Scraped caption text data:
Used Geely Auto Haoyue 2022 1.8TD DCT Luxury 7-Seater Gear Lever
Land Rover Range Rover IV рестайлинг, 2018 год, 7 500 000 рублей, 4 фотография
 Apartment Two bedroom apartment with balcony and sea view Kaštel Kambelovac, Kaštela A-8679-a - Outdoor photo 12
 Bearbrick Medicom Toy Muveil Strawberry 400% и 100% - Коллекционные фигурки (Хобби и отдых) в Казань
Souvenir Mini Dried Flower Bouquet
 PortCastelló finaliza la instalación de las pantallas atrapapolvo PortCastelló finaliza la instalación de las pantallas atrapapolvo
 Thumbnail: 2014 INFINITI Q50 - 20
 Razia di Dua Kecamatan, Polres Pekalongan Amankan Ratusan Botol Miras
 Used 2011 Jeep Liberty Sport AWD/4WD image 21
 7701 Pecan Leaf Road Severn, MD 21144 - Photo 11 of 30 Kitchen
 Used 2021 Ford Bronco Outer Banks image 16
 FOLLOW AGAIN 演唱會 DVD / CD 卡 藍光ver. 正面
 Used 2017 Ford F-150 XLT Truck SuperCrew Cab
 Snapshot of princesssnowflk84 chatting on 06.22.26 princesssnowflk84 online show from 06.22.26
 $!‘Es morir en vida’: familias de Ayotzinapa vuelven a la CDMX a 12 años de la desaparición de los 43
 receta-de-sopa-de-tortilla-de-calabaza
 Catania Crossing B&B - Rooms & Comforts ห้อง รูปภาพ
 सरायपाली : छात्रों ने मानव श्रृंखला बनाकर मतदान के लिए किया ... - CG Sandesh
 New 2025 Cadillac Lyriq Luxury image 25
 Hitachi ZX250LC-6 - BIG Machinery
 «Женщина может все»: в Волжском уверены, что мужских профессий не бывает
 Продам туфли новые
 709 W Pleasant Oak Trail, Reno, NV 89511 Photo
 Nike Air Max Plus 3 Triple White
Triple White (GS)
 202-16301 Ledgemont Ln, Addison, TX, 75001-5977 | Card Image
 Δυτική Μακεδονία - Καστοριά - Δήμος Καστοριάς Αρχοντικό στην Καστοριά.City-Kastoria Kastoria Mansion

#### EXERCISE OBJECTIVE
Whenever the word "Ford" appears in a line of the data above, that line counts. Say how many lines count, and nothing more.

#### EXERCISE OUTPUT
2